Excluding any images, copy all of the lines below precisely as written.

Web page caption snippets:
________________

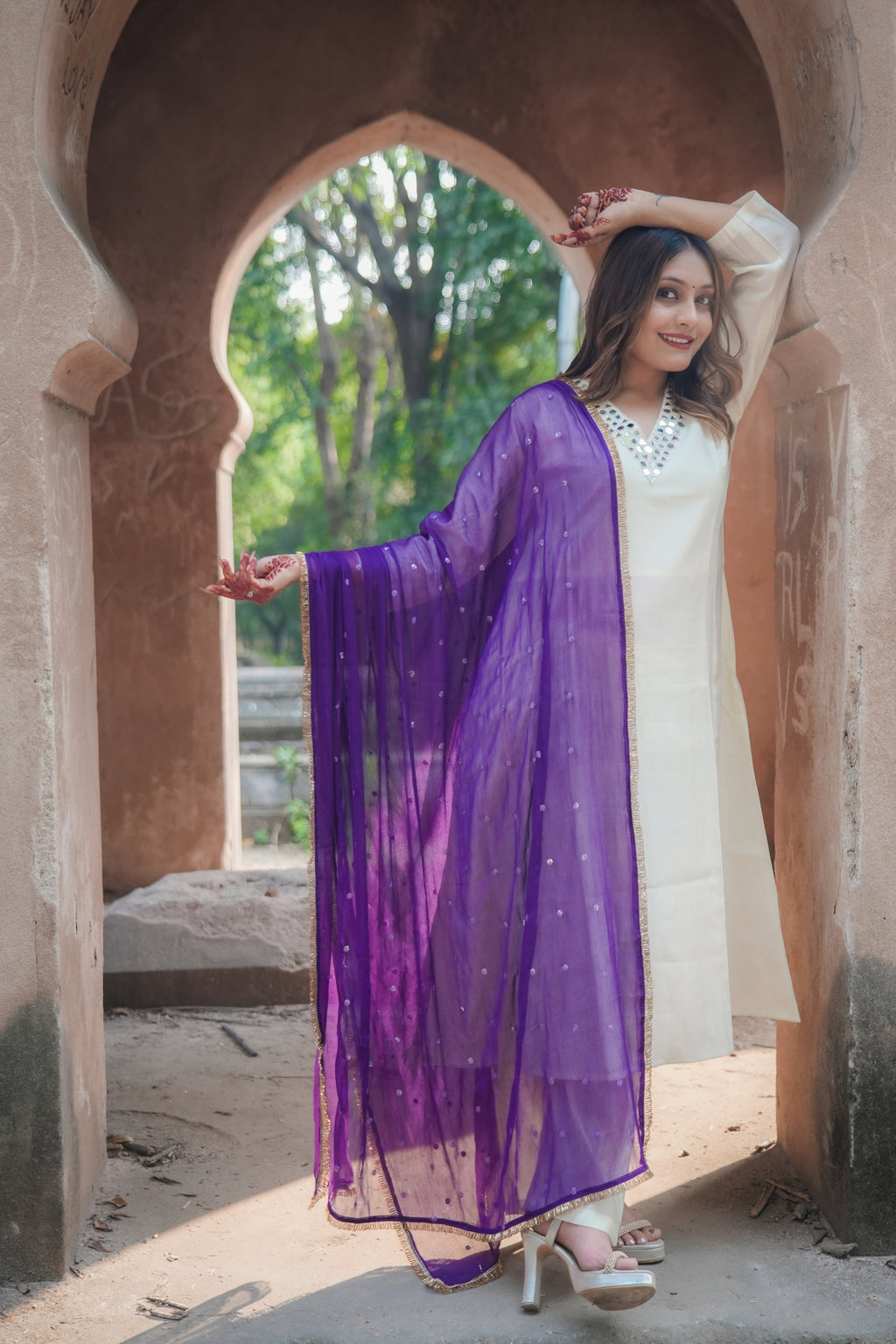 Timeless silk Kurta set with Mirror work (White)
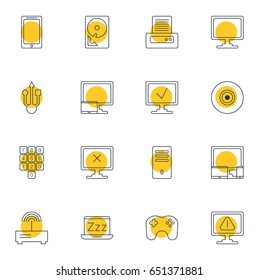 Vector Illustration Of 16 Computer Icons. Editable Pack Of Gadgets, Tablet With PC, Router And Other Elements.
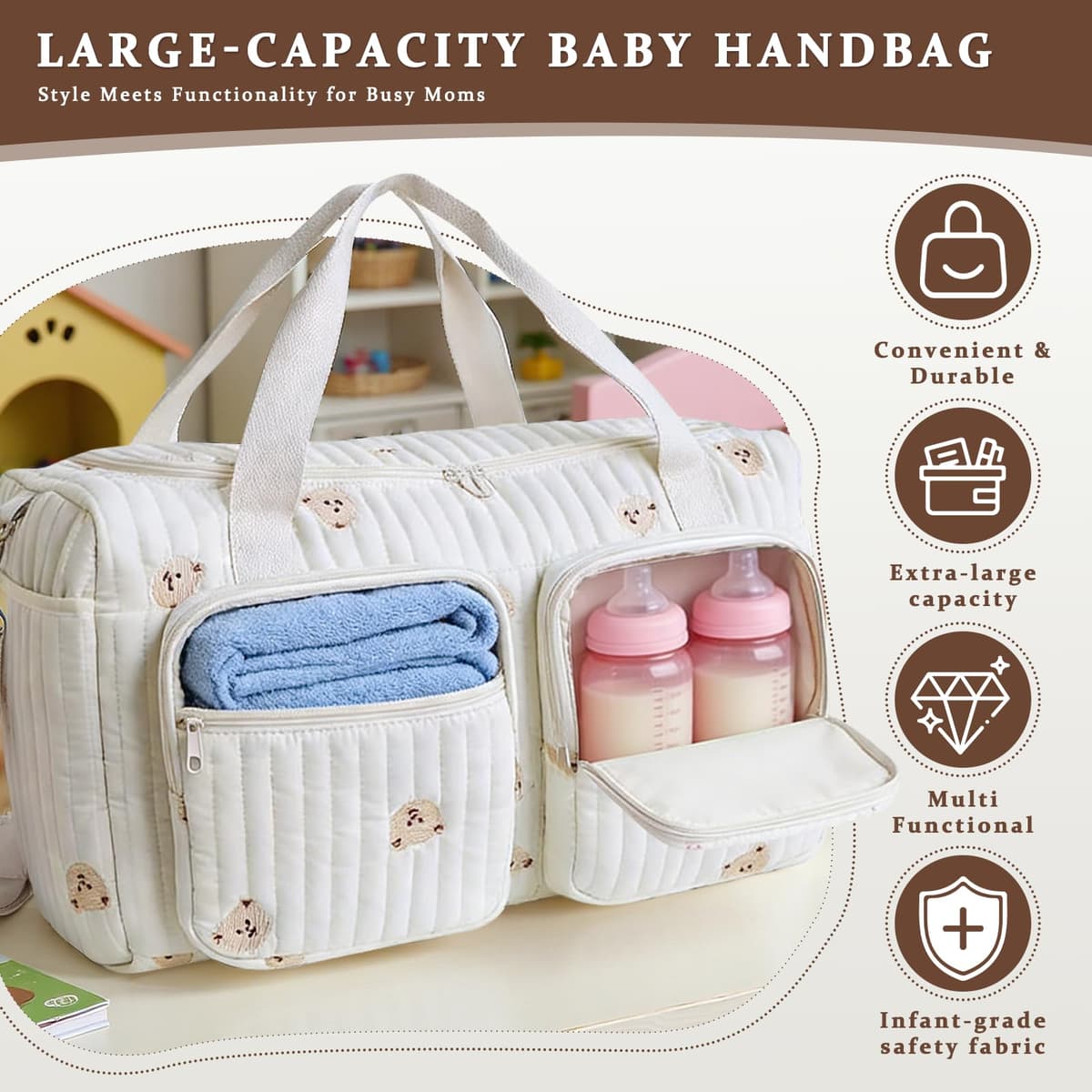 Bolsa de Pañales Multiusos para Mamá: Bolsa de Maternidad para Bebé - Gran Bolsa de Pañales Multifunción para Maternidad y Cambio de Bebé para Hospital y Fin de Semana — view 3
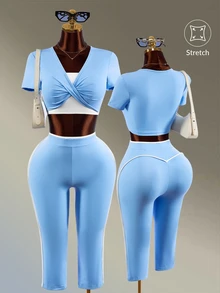 Amplova Setelan Olahraga Wanita 2 in 1: Kaos Lengan Pendek dan Legging - Biru - View 4
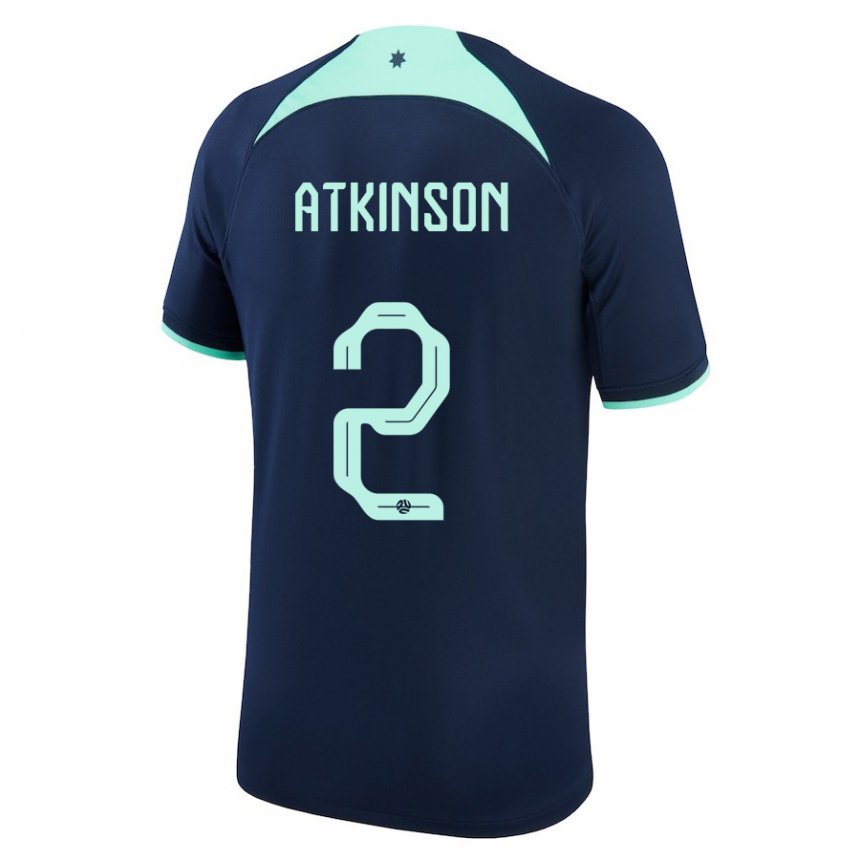 Kinder Australische Nathaniel Atkinson #2 Dunkelblau Auswärtstrikot Trikot 22-24 T-shirt Belgien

________________

§ **REPLY**:
 Timeless silk Kurta set with Mirror work (White)
 Vector Illustration Of 16 Computer Icons. Editable Pack Of Gadgets, Tablet With PC, Router And Other Elements.
 Bolsa de Pañales Multiusos para Mamá: Bolsa de Maternidad para Bebé - Gran Bolsa de Pañales Multifunción para Maternidad y Cambio de Bebé para Hospital y Fin de Semana — view 3
 Amplova Setelan Olahraga Wanita 2 in 1: Kaos Lengan Pendek dan Legging - Biru - View 4
 Kinder Australische Nathaniel Atkinson #2 Dunkelblau Auswärtstrikot Trikot 22-24 T-shirt Belgien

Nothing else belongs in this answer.